We have heard of the Great Wall of China. But have you heard about the Great Wall of Premier Academy which some of us believe is more impressive and more important that the Chinese relic?
Why? Because first, the Chinese wall is meant to keep people out, but the Great Wall of Premier is meant to welcome you into a world of creativity and light.
Second, the Chinese built that wall centuries ago in preparation for battle and to identify boundaries. The Premier wall promotes peace and unity among Kenyan peoples and the rest of the world.
And third, because the bricklayers who erected the Chinese wall were most likely either employed or enslaved to do nothing but bricklaying as a life work.
But the team of Kenyan artists who created, not the cement but the mural on the Premier wall all chose to participate in an amazing project in which they worked in total tandem with the school’s bosses who believe in creativity as a core value in education.
The mural on the wall near the open-air playground at Premier Academy is ‘great’ for several reasons. First, simply as an expression of awe and amazement at the marvelous story the mural graphically reveals about Kenya as a diverse and beautiful country.

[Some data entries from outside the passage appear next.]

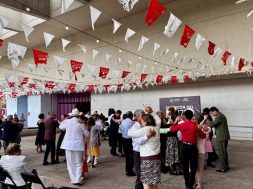 F720801E-8B77-47C8-AC1E-30B610983F1E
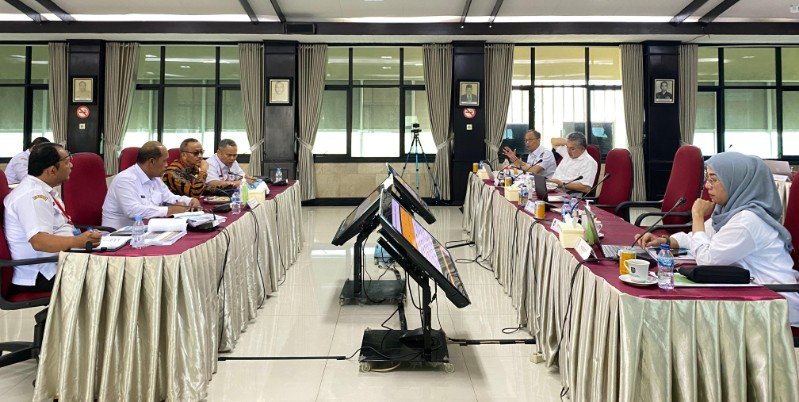 IMG-20240821-WA0049_copy_800x402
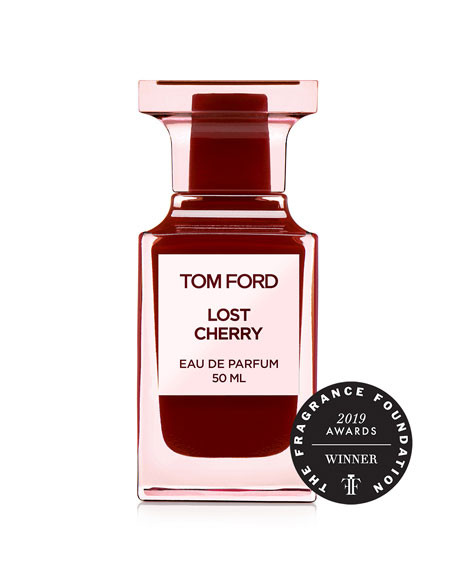 Lost Cherry, 1.7 oz./ 50 mL and Matching Items | Neiman Marcus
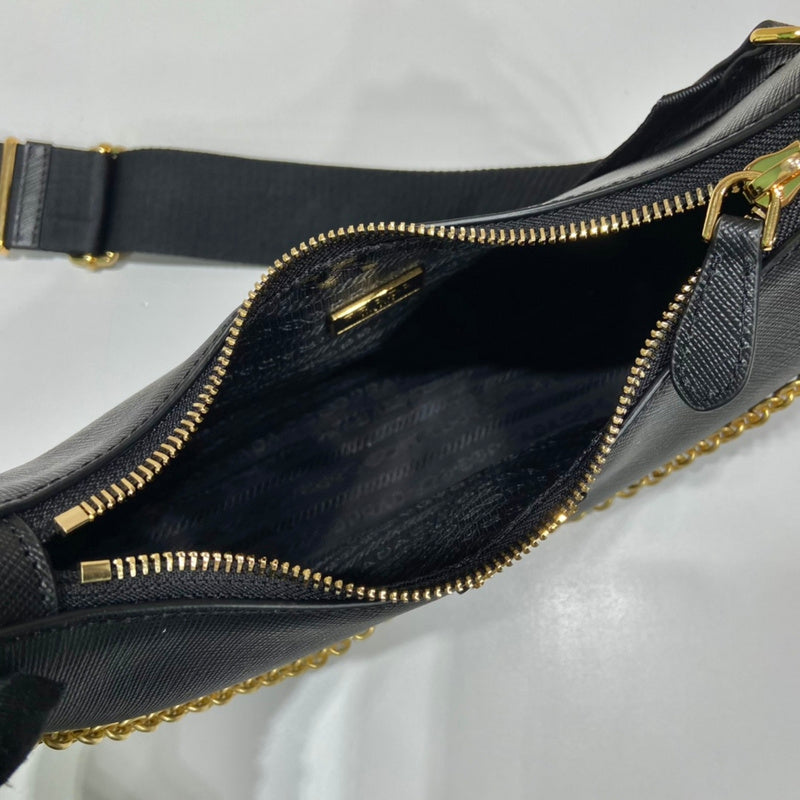 Satchel Bags - PDA Bags - 1993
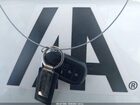 2026 Honda Hr-v 2wd Ex-l Серебряный vin: 3CZRZ1H74TM723303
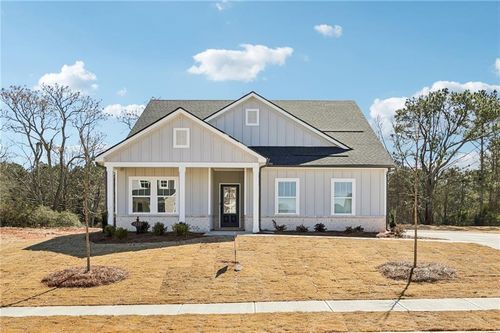 1293 Whitman Ct, Monroe, GA, 30656 | Card Image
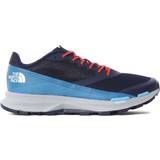 The North Face Sportssko The North Face Vectiv Levitum Running Shoes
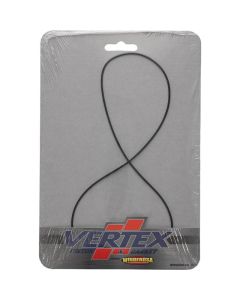 Vertex Pistons Gasket for CRF 450 Models 19-22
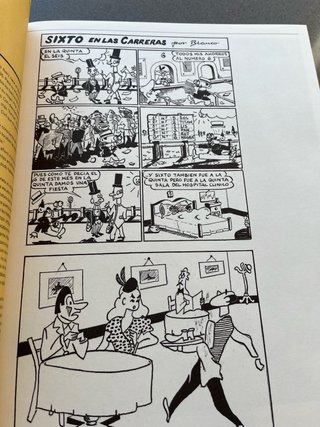 Humor Blanco Josep Maria Blanco Ibarz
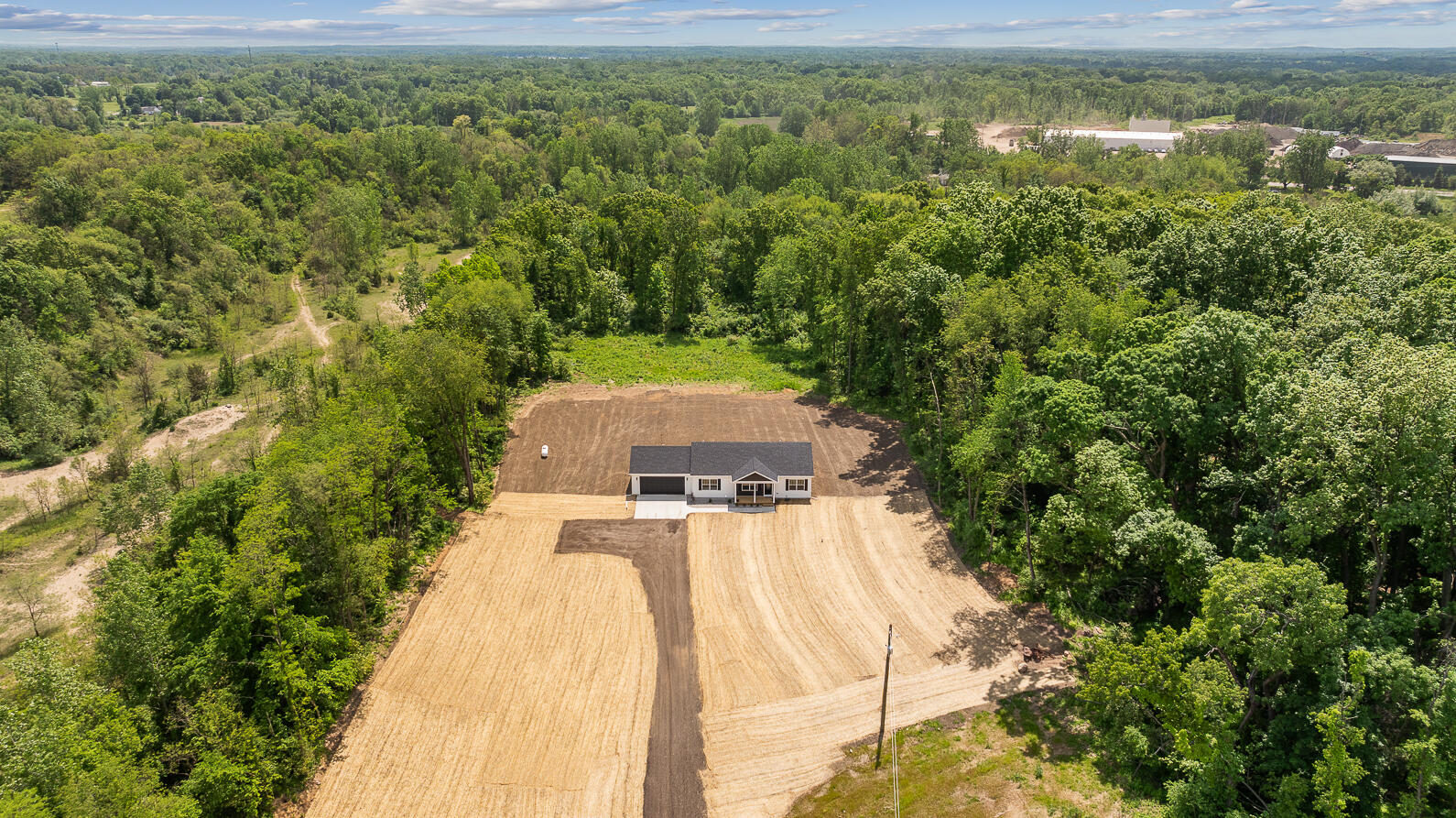 1501 Donnely Road Jackson, MI 49201 - Photo 43 of 51 1501 Donnely Jackson MI - web-14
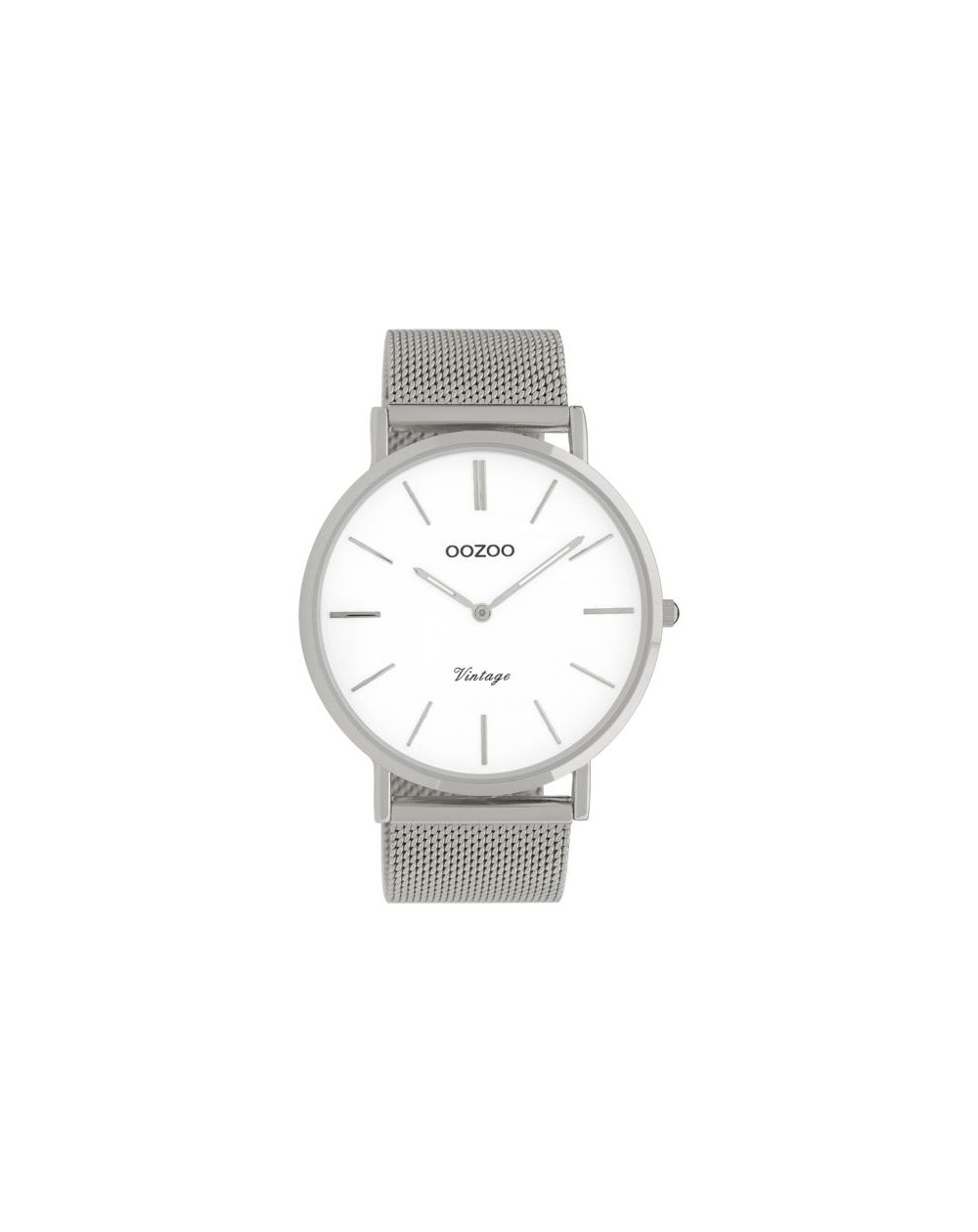 Montre Oozoo C9900 - Marque OOZOO - Livraison & Retour Gratuit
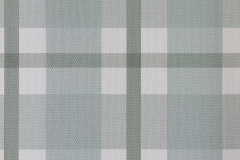 Papel-de-Parede-Xadrez-4449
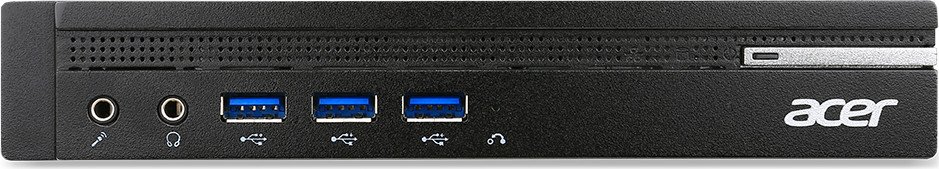 Acer Veriton N4640G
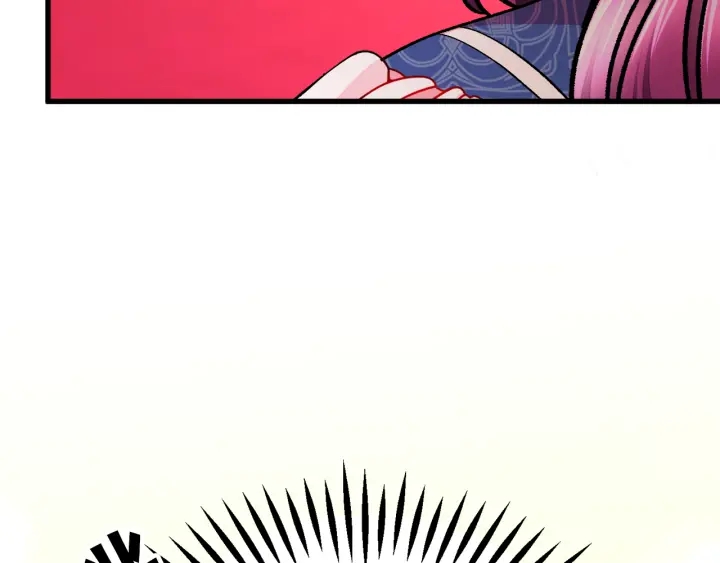 第65话 允许结婚63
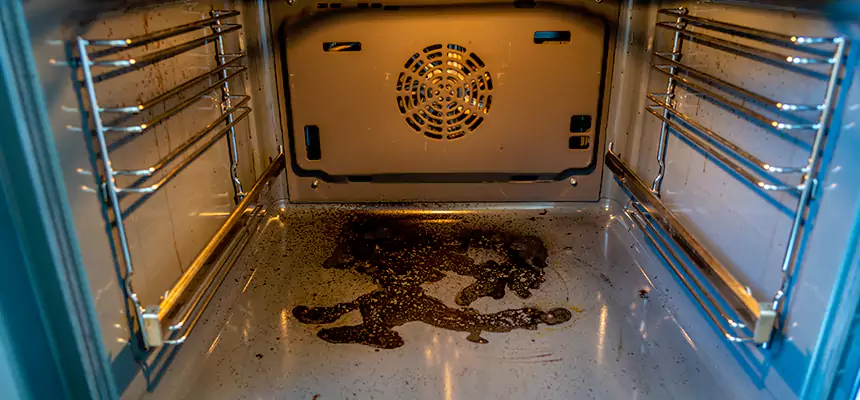 Our Dryer Vent Mold Cleaning Services in Rubidoux, CA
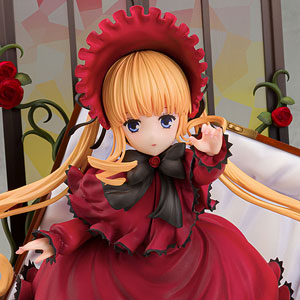 サムネイル画像：クリックで画像元のページへ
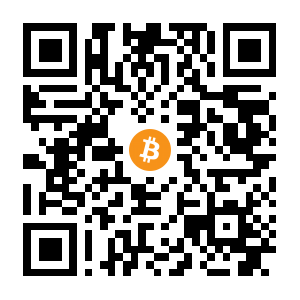 bitcoin:bc1q0qdc808e3xxgsa9vel6hyesuqx8cs0plgmqelu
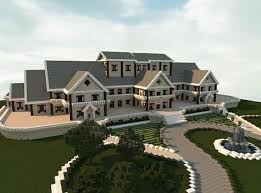 Modernes haus mit pool in minecraft bauen tutorial haus 207 ich möchte euch gerne mein modernes minecraft. Modernes Haus Fur Minecraft Pe Apk 1 0 Fur Android Herunterladen Die Neueste Verion Von Modernes Haus Fur Minecraft Pe Apk Herunterladen Apkfab Com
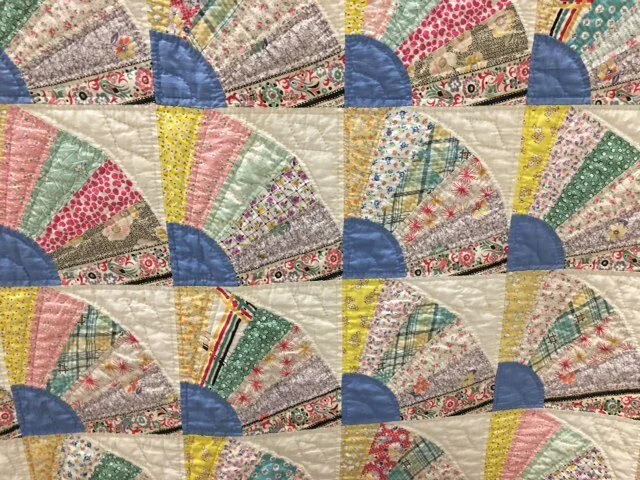 First Tuesday Concert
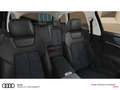 Audi A6 allroad quattro 40 TDI Blau - thumbnail 11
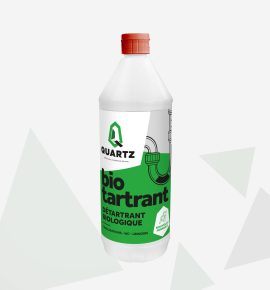 Biotartrant Biotartrant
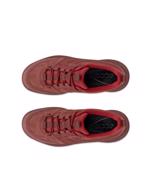 Red ECCO Offroad W Chili Red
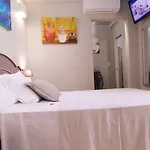 Porta Terra 3* ガリポリ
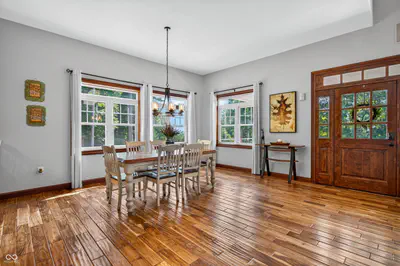 2265 Skyline Drive, Nashville - 67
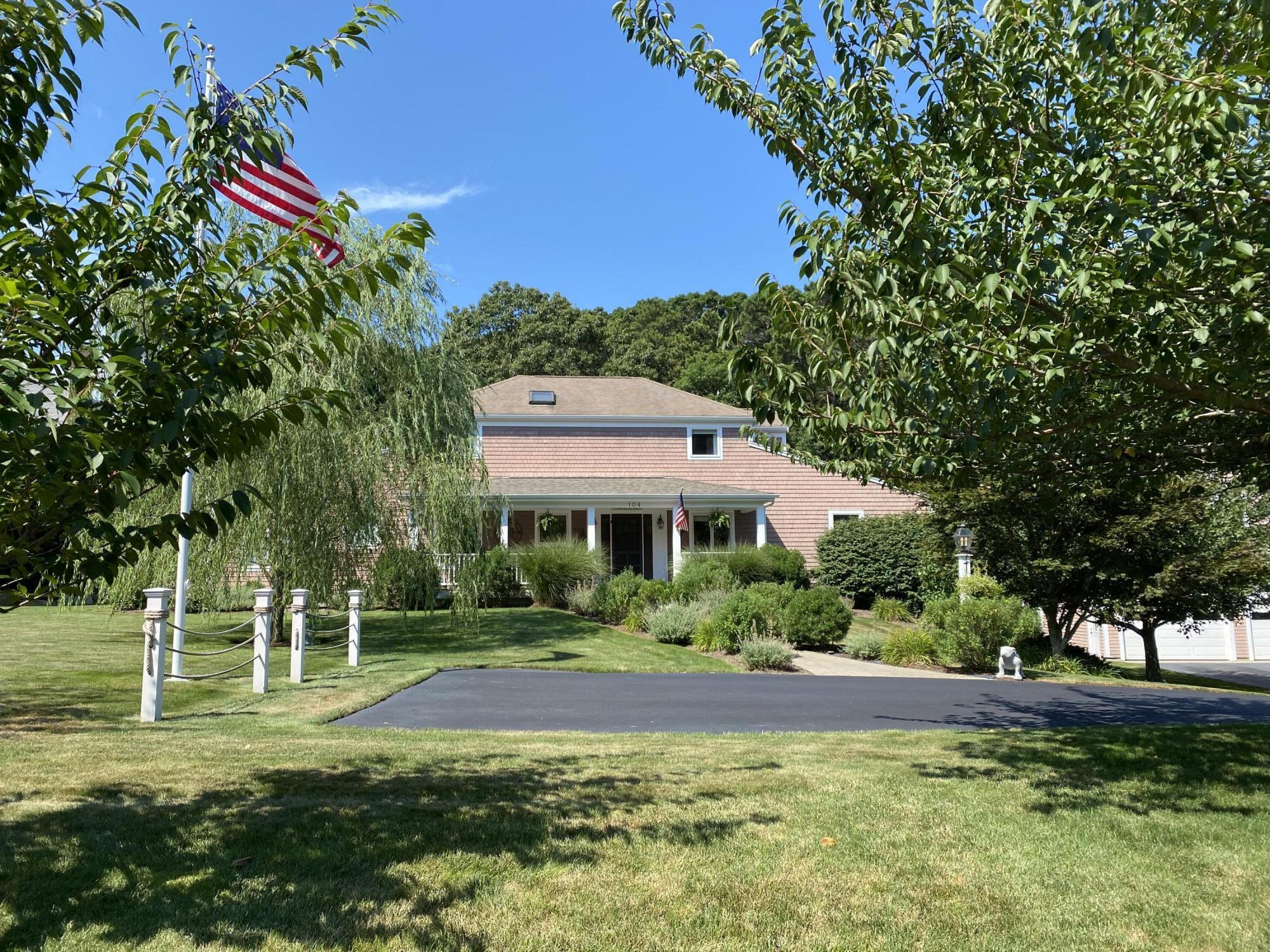 104 Owl Pond Road Brewster, MA 02631 - Photo 1 of 58 IMG_2913(1)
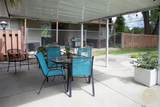 1008 Avenue F - Photo 26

It’s also great in terms of magnitude and size, “The mural is 57.5 meters by 3.5 meters [or 62.8 yards by 3.8 yards],” says Krishna Vaya, Deputy Head of the School and one of the art teachers who was instrumental in advancing the mural project.
She was wholeheartedly supported by her Head, Mr Jacob Orondo who went to bat with the school board for the mural project to take off.
“Our school has started holding art competitions, and one of our students recently won the Total Kenya Art Competition,” says Mr. Orondo. “The school as well as our student won cash prizes, so we decided to use our prize to promote local artists and the creation of the mural,” he adds.
Orondo and Vaya were the first ones to conceptualize what this vast blank wall would ‘say’ to their students. “We wanted the wall to be a ‘learning wall’,” says Mary Muringi, another one of Premier’s art teachers who is a member of what Orondo calls the school’s new MAD Department.
“MAD stands for music, art, and drama,” says Orondo. “I’m the curriculum man and we want to integrate the arts as an essential part of our curriculum.”
As one steps down a few stairs into the playground area, the mural on your left stretches out to display iconic images of Kenya, starting from Lake Victoria and local fishermen all the way down to sailboats at the Indian Ocean. Literally, the artwork takes one on a journey that visually narrates some of the leading features of Kenya’s culture and economy.
“These include everything from coffee and tea plantations to the Big Five [lion, leopard, rhino, water buffalo, and elephant], and many more iconic images,” says Krishna. There are also runners from Iten, the SGR and the new Super Highway, Maasai morans, and professional people (an engineer, doctor, High Court Judge, and Army General).
The artist initially called on to lead the painterly project was Michael Musyoka. “He had been a keynote speaker at one of our awards nights, so the Heads suggested we call on him to participate,” recalls Muringi. After he confirmed, he called several other artists to form his team.
They included David Thuku (both cofounders of Brush tu Artists Collective), Munene Kariuki, Harrison Chege, and Samuel Njoroge.
Asked to identify which artist painted which image, Mary says it’s impossible to say one person painted which image. “They all were contributing to every scene,” she says. But then she recalls that Thuku actually painted the SGR train and Musyoka painted the wildebeest migration crossing the Mara River.
But otherwise, it was the team using weather-proof paints provided by the school that created this amazing geographical journey from one end of Kenya to the other.
The other thing that makes the wall exceptional is that it has served to show students the process of painting and taking on such a major challenge. “I would bring my art students out almost every day to see the changes taking place on the wall from one day to the next,” says Krishna.
Both she and Orondo were emphatic about how important a role they see art playing in children’s education. “Art is a mandatory subject for our younger students,” says Mary Muringi who is a practicing artist herself.